## Your assignment:
Among the entries below, find the line with "Reiss - BANBURY", then quote it and each following line up to and including the line with "MICHAEL Michael Kors", and nothing else.

Source data:
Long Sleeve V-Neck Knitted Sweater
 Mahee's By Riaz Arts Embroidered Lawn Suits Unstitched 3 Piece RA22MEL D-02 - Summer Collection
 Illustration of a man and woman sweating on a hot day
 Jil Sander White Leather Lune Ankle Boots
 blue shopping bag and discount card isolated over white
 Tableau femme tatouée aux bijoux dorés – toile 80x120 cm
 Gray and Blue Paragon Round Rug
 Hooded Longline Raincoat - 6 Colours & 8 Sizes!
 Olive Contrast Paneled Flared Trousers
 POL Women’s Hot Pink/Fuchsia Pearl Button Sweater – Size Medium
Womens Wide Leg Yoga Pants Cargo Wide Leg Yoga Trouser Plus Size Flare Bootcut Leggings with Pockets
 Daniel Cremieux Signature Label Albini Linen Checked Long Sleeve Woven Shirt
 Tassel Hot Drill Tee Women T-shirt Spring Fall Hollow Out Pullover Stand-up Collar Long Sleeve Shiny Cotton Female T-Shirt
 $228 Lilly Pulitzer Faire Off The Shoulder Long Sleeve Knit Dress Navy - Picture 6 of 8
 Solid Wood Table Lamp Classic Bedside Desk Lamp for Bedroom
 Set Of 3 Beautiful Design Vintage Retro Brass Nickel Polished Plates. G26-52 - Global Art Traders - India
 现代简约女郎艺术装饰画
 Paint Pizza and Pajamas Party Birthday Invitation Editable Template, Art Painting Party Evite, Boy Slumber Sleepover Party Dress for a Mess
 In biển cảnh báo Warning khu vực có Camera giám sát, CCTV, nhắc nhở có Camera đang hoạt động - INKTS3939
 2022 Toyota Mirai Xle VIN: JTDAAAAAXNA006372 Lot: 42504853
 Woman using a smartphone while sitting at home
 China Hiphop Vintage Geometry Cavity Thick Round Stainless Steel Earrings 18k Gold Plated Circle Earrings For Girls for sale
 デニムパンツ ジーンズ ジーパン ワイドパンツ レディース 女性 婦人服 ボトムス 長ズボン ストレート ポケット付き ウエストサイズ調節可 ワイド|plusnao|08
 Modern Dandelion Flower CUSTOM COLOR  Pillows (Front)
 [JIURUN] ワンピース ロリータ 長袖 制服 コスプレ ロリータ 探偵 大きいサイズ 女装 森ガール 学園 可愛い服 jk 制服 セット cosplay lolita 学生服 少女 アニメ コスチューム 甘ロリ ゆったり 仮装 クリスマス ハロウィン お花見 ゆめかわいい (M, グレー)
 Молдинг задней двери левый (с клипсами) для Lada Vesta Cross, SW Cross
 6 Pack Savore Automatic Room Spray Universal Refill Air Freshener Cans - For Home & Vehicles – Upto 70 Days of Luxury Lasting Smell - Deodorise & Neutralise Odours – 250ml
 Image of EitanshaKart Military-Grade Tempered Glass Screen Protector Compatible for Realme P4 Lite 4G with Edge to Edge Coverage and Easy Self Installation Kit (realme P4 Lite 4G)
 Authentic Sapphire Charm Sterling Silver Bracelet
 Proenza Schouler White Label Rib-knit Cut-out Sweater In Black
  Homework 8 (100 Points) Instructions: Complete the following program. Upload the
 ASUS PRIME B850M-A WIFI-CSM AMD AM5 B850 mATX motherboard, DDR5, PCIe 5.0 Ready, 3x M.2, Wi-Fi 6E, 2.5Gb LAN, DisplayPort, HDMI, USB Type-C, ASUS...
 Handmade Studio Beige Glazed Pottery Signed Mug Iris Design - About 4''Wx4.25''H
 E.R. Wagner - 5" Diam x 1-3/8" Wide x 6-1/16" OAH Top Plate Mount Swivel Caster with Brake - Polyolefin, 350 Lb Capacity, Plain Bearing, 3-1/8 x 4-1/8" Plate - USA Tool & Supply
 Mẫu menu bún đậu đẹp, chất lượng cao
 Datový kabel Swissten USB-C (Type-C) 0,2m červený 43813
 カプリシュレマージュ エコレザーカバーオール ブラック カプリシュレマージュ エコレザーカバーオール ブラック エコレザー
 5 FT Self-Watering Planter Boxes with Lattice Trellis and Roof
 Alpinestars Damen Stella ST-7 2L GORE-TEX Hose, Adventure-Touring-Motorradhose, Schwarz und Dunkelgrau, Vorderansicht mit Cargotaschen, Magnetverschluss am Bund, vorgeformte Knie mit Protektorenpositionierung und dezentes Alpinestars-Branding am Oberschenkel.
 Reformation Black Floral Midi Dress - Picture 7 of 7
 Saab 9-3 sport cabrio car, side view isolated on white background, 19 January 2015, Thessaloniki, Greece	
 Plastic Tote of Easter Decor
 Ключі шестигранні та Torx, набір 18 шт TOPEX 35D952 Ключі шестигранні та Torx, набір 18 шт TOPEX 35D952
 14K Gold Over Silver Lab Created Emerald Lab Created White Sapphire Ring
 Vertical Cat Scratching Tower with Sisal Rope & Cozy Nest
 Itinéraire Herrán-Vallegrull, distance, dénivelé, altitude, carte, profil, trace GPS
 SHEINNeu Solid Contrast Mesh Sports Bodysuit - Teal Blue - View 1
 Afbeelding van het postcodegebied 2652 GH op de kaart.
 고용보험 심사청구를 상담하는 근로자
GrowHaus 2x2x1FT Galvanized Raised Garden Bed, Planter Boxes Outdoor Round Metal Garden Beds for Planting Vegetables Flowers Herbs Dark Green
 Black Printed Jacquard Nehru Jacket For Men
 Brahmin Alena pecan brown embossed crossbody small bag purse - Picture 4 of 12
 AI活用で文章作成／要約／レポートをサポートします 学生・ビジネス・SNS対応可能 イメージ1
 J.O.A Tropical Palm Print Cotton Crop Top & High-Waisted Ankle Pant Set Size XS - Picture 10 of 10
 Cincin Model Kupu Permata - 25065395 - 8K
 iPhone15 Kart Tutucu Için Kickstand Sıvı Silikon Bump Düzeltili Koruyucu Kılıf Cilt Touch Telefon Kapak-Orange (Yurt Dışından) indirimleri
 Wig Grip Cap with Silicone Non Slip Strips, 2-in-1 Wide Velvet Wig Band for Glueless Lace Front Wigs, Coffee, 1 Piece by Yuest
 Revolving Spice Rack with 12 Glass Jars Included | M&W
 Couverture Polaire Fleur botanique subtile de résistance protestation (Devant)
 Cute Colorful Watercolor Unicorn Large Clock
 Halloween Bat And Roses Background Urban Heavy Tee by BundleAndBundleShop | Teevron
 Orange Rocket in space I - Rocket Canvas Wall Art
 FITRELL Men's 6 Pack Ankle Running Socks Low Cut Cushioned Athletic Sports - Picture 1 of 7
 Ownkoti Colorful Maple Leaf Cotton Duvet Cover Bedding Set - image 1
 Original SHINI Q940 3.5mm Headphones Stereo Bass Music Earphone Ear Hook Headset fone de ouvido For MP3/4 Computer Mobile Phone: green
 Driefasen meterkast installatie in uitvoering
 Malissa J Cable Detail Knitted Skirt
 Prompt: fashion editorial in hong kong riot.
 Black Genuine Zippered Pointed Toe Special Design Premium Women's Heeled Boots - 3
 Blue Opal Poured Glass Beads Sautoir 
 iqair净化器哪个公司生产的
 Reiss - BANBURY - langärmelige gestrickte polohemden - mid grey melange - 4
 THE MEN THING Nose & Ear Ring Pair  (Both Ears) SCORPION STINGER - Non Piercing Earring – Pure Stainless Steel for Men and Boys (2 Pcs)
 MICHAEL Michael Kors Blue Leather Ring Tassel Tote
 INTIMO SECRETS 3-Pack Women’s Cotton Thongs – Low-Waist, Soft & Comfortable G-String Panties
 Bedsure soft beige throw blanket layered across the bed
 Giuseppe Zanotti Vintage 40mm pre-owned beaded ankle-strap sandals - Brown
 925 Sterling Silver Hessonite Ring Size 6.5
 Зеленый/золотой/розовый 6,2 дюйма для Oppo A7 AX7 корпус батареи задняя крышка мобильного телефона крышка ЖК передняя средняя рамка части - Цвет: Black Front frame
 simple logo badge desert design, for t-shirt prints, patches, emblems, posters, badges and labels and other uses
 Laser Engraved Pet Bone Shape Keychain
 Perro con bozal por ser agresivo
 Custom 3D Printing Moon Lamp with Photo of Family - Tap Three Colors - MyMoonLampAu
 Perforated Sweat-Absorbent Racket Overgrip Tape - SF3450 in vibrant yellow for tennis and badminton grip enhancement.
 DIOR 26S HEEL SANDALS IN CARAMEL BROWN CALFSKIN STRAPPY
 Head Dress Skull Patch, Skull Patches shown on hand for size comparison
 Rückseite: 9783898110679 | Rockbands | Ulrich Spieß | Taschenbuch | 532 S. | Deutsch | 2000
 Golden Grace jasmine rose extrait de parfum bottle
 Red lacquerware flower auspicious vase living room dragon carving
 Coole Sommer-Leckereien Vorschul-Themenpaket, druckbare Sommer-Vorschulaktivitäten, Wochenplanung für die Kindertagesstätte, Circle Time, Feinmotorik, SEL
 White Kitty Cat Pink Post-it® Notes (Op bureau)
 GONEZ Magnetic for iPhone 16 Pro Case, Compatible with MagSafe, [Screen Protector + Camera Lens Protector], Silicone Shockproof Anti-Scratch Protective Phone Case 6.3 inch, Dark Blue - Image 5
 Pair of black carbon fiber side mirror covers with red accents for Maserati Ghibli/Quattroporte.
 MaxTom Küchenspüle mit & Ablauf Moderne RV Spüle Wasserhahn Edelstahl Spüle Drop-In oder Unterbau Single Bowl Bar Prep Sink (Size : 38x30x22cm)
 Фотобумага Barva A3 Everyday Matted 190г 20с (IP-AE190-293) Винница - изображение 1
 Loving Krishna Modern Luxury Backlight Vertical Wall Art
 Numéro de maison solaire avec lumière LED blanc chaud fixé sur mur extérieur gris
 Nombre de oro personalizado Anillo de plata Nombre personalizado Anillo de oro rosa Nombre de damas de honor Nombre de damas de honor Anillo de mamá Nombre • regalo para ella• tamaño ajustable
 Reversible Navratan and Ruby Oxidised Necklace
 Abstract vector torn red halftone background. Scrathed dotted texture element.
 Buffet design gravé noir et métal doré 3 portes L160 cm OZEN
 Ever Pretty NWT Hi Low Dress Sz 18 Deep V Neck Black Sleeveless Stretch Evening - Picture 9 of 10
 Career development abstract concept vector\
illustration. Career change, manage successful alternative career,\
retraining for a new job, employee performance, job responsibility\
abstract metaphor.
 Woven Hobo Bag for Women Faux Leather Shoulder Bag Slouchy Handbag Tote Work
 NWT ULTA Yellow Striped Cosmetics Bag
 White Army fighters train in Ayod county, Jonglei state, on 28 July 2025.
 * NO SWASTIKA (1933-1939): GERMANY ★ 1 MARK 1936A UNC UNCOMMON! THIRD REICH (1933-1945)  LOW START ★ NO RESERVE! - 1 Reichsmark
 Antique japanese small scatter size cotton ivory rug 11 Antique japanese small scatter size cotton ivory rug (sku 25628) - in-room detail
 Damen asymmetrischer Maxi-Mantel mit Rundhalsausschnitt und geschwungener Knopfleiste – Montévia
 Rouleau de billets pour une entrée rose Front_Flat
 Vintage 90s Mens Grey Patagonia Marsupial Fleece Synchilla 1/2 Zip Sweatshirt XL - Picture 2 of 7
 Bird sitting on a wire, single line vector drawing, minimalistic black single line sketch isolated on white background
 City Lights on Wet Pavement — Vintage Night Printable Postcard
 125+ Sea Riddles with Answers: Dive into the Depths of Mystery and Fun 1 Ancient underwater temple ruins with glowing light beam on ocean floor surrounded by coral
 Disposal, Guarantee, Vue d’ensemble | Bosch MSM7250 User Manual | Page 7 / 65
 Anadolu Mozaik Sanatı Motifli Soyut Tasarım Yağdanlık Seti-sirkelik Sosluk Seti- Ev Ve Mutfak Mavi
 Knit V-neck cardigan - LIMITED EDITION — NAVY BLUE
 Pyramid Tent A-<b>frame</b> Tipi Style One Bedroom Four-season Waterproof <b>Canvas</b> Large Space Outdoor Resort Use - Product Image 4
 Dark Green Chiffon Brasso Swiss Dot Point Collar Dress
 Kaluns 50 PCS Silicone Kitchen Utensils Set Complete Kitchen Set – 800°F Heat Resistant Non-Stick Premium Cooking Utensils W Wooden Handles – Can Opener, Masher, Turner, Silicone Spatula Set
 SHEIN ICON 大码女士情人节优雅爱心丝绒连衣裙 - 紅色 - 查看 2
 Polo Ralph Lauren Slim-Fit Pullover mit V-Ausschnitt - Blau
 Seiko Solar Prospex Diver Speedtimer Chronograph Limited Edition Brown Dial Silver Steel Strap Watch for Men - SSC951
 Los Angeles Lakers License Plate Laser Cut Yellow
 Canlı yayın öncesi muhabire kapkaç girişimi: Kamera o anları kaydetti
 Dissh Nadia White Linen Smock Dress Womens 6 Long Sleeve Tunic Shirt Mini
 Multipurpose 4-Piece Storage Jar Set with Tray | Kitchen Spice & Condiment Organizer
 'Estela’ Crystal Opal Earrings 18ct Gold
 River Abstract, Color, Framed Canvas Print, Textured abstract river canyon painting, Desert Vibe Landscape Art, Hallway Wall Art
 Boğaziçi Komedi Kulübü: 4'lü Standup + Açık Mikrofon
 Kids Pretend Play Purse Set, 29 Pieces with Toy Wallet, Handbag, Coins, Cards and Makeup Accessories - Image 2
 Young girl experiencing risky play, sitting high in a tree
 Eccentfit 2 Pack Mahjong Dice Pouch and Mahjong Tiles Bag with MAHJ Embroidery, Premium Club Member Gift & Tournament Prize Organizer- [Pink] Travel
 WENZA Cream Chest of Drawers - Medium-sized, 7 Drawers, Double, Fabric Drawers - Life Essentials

## Task response:
 Reiss - BANBURY - langärmelige gestrickte polohemden - mid grey melange - 4
 THE MEN THING Nose & Ear Ring Pair  (Both Ears) SCORPION STINGER - Non Piercing Earring – Pure Stainless Steel for Men and Boys (2 Pcs)
 MICHAEL Michael Kors Blue Leather Ring Tassel Tote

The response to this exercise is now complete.